Appearance
Transport Layer Protocols
Introduction
Jobs of tranport layer
- Addressing
- Determine which application process a packet belongs to (through ports).
- Error control
- Detect if the received data is valid
- Reliability
- Ensure that the transferred data will reach its destination
- Rate control
- Adjust how fast the sender should transfer the data to the receiver (avoid packet dropping)
- UDP vs. TCP
- Both user datagram protocol (UDP) and transmission control protocol (TCP) are two well-known protocols in the transport layer. But TCP is more sophisticated and complicated than UDP
Protocol | Addressing | Error control | Reliability | Rate control |
---|---|---|---|---|
UDP | ✔️ | Optional | ❌ | ❌ |
TCP | ✔️ | ✔️ | ✔️ | ✔️ |
However, TCP is more difficult to implement since it needs to
- Establish an end-to-end logical connection between the sender and receiver
- Keep necessary per-connection state information
Internet socket
When deveoping network applications, hopefully, you don't have to bother with how packets are transmitted. The Internet socket serves as an API for programmers to access the underlying services of IP suite. You've probably heard the term API. Think about training a neural network model. If everybody has to write their own backpropagation function to compute gradients, Deep Learning woudln't have been so popular. Instead, we use ML frameworks such as Pytoch and every function provided by Pytoch is just like an interface which let us build Convolution layer without knowing how it's implemented in the backend.

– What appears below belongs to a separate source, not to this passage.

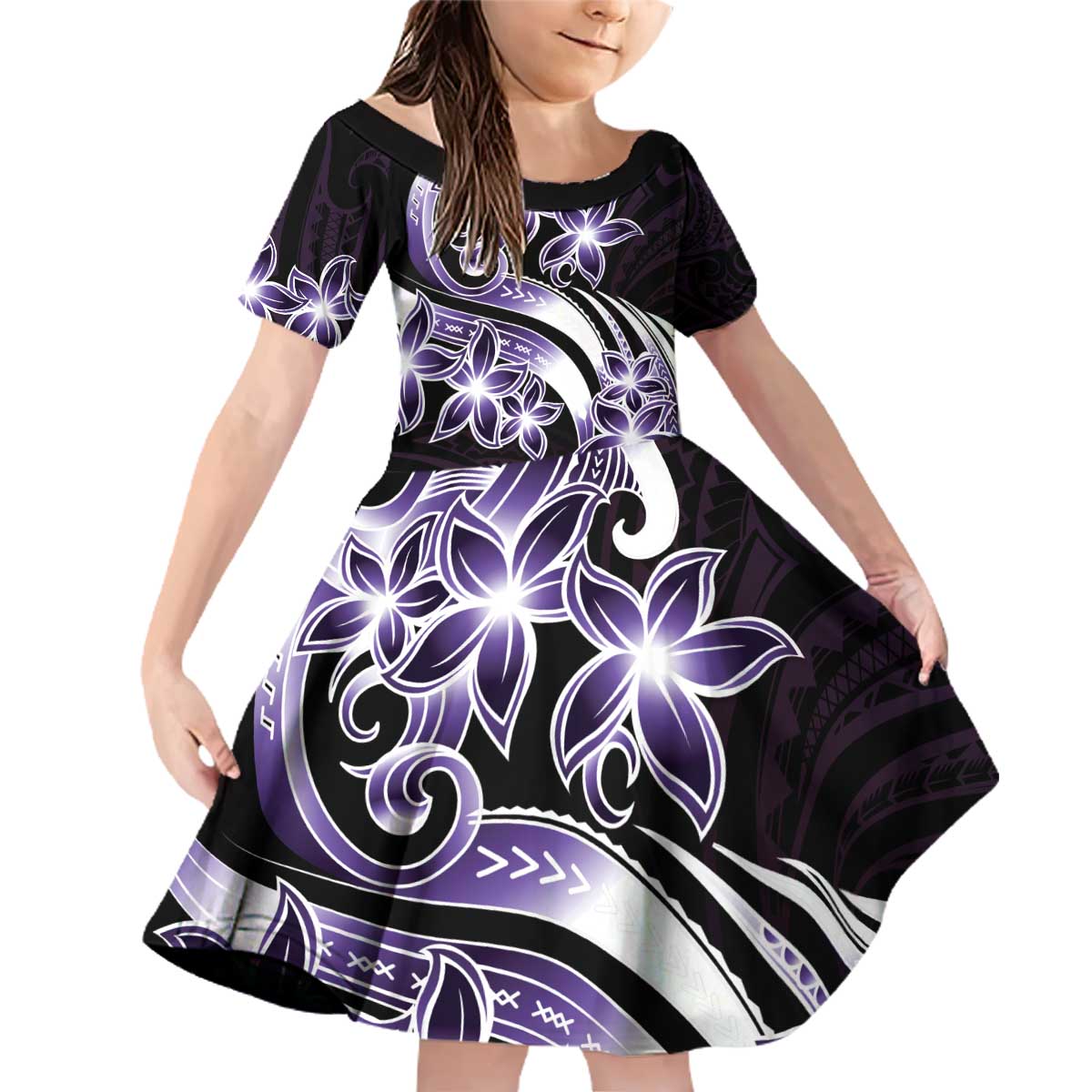 Plumeria Tribal Tattoo Family Matching Off Shoulder Short Dress and Hawaiian Shirt Purple Polynesian Pattern LT9 Daughter's Dress Purple - Polynesian Pride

A good documentation explaining the API is a fundamental requirement for any well-known frameworks, otherwise users like us would have no idea how to use these APIs.
However, applications can sometimes bypass transport layer and directly use the services provided by, for example
- Network layer: routing table
- Data link layers: LAN card driver
Communications
Host-to-host | Process-to-process | |
---|---|---|
Latency | short | long |
Jitter | small | large |
Flow control | easy | need extra protocols |
Jitter: you can think it as variance
small large 0.1s 0.01s 0.2s 0.3s 0.1s 20s 0.1s 0.01s
While host-to-host communication in IP or data link layers has low latency and small jitter, the process-to-process communication has relatively opposite. Therefore, you need extra protocols (or layer) to control the flow rate in a multi-hop networ, that is Transport layer.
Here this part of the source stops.